Living Reviews in Computational Astrophysics: "Physical, numerical, and computational challenges of modeling neutrino transport in core-collapse supernovae"

© SpringerMezzacappa, A., Endeve, E., Messer, O.E.B., Bruenn, S.W. Physical, numerical, and computational challenges of modeling neutrino transport in core-collapse supernovae. Living Rev Comput Astrophys 6, 4 (2020).​​​​​​​

Open Access | Review Article

Published: 30 Nov 2020


The proposal that core-collapse supernovae are neutrino driven is still the subject of active investigation more than 50 years after the seminal paper by Colgate and White. The modern version of this paradigm, which we owe to Wilson, proposes that the supernova shock wave is powered by neutrino heating, mediated by the absorption of electron-flavor neutrinos and antineutrinos emanating from the proto-neutron star surface, or neutrinosphere. Neutrino weak interactions with the stellar core fluid, the theory of which is still evolving, are flavor and energy dependent.
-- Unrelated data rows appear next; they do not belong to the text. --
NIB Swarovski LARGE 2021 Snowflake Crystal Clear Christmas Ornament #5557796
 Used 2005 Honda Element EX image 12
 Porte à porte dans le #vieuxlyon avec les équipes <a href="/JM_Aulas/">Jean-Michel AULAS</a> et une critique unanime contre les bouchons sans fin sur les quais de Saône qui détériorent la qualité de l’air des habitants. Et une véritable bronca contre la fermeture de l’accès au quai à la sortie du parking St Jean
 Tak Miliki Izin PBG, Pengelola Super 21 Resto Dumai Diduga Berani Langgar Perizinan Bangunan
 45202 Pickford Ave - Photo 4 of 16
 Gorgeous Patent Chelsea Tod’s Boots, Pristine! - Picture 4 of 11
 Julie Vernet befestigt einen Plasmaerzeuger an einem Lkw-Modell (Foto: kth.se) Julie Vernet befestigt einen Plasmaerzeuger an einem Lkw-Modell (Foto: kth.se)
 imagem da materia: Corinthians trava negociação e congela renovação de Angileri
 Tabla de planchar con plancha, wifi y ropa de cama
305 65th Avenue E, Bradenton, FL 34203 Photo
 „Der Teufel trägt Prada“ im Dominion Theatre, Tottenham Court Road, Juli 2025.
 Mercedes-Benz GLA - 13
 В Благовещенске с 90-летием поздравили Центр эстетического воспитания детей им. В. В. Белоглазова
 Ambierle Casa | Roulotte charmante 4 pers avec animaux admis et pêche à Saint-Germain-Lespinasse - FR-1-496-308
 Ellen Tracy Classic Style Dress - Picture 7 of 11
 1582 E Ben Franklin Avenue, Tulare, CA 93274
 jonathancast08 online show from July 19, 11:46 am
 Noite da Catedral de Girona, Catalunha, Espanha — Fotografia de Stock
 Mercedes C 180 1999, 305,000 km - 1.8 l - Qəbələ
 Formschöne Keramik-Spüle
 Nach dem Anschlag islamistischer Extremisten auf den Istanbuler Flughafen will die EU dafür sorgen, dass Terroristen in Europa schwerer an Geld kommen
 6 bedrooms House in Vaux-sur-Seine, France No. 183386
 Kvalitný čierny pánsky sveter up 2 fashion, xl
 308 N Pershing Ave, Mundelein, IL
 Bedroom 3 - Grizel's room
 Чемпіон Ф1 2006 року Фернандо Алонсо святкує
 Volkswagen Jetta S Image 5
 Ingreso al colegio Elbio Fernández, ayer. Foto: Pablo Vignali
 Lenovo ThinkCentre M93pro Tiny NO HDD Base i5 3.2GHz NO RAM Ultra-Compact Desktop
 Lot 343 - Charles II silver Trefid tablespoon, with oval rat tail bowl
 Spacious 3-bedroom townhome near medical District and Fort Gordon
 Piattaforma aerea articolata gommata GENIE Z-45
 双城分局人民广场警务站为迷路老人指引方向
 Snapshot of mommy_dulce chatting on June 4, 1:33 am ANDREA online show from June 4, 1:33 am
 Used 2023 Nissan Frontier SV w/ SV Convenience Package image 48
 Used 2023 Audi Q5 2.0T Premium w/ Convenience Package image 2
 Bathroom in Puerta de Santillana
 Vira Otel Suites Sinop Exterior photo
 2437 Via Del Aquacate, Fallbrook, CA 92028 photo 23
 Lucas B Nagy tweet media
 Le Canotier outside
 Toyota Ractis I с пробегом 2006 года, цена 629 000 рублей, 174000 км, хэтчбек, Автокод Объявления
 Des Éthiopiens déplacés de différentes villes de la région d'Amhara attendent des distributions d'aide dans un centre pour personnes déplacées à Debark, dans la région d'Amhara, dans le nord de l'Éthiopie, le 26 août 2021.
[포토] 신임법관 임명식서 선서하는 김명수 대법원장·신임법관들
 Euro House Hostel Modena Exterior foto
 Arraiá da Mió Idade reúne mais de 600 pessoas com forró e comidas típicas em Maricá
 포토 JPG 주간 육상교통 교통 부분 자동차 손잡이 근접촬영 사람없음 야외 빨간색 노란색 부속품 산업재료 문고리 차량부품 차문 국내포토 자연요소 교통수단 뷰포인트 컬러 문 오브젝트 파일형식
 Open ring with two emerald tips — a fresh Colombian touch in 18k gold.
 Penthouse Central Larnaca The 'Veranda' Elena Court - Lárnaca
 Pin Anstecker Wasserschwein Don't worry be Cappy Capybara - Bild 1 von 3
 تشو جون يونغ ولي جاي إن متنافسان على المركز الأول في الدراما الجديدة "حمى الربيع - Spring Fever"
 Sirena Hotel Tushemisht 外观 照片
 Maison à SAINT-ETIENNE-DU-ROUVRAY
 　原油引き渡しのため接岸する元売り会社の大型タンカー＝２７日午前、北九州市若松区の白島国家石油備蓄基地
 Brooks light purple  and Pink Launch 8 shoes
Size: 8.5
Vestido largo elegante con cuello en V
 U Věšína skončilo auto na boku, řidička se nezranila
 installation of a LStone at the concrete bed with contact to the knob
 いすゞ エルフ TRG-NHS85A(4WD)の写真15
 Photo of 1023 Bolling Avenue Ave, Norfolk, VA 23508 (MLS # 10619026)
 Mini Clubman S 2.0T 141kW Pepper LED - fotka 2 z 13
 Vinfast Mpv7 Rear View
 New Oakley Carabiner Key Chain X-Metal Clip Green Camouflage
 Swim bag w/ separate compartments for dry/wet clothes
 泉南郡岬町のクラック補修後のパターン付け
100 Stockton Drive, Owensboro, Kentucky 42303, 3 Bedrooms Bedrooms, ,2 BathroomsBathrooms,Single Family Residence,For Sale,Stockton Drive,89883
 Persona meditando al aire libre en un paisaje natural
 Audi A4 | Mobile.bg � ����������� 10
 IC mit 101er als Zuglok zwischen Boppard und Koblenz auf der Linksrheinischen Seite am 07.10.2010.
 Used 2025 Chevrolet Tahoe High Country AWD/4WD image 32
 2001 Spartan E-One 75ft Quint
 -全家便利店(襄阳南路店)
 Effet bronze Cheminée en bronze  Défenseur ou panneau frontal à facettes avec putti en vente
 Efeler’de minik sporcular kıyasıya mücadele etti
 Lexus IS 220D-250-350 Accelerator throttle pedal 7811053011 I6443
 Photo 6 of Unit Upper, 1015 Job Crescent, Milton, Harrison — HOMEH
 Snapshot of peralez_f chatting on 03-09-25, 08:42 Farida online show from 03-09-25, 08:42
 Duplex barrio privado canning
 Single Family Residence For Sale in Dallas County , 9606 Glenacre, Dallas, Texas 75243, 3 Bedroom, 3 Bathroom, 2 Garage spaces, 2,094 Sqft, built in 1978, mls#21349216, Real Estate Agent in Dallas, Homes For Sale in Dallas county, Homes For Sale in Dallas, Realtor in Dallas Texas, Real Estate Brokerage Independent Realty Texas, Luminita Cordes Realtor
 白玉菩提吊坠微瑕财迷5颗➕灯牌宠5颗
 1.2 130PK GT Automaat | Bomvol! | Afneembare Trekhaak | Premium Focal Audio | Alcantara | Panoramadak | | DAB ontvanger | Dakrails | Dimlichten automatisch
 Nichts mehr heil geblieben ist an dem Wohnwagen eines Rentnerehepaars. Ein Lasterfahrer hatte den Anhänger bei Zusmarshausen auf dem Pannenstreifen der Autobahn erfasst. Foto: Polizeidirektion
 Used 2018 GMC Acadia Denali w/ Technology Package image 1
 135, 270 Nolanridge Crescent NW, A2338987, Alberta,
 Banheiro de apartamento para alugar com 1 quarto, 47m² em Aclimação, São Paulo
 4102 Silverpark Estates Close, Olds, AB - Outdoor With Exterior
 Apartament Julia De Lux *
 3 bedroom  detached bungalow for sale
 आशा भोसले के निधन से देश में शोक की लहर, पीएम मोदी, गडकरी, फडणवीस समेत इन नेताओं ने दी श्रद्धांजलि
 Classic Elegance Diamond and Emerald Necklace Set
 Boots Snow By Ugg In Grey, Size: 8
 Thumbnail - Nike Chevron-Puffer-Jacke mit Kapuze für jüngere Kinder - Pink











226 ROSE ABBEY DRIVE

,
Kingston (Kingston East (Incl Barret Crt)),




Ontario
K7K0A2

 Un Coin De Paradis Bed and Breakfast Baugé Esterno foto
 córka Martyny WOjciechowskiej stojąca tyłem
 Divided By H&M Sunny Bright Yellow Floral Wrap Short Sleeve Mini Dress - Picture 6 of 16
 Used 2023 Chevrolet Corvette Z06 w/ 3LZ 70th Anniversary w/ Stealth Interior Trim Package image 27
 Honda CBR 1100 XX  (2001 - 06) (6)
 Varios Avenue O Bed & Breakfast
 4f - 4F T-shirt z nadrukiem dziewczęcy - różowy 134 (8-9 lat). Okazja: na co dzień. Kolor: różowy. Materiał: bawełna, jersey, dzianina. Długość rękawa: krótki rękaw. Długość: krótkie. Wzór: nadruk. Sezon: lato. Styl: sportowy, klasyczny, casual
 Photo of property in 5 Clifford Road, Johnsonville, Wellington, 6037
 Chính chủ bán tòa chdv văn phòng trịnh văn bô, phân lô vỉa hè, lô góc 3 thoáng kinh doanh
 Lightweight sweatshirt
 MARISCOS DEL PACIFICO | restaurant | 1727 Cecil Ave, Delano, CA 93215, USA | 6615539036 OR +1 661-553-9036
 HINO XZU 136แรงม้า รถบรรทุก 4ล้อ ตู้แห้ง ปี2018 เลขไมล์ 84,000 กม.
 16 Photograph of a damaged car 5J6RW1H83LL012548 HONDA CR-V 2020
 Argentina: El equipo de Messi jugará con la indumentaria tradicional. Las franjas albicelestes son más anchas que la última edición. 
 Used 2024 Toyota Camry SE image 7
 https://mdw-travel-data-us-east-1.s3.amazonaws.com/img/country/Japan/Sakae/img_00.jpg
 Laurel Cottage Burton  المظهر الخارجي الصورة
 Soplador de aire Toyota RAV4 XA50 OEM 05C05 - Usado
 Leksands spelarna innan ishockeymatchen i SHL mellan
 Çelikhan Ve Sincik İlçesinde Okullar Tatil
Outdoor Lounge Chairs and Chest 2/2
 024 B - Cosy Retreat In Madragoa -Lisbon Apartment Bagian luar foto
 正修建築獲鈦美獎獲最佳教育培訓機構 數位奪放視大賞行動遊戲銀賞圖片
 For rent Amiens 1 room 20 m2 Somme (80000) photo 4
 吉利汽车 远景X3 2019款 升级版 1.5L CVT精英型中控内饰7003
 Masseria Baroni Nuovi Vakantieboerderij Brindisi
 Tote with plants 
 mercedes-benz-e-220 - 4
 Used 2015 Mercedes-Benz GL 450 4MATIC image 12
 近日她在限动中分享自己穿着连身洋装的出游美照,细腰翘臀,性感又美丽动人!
The associated neutrino mean free paths extend over many orders of magnitude and are never always small relative to the stellar core radius. Thus, neutrinos are never always fluid like. Instead, a kinetic description of them in terms of distribution functions that determine the number density of neutrinos in the six-dimensional phase space of position, direction, and energy, for both neutrinos and antineutrinos of each flavor, or in terms of angular moments of these neutrino distributions that instead provide neutrino number densities in the four-dimensional phase-space subspace of position and energy, is needed. In turn, the computational challenge is twofold: (i) to map the kinetic equations governing the evolution of these distributions or moments onto discrete representations that are stable, accurate, and, perhaps most important, respect physical laws such as conservation of lepton number and energy and the Fermi–Dirac nature of neutrinos and (ii) to develop efficient, supercomputer-architecture-aware solution methods for the resultant nonlinear algebraic equations. In this review, we present the current state of the art in attempts to meet this challenge.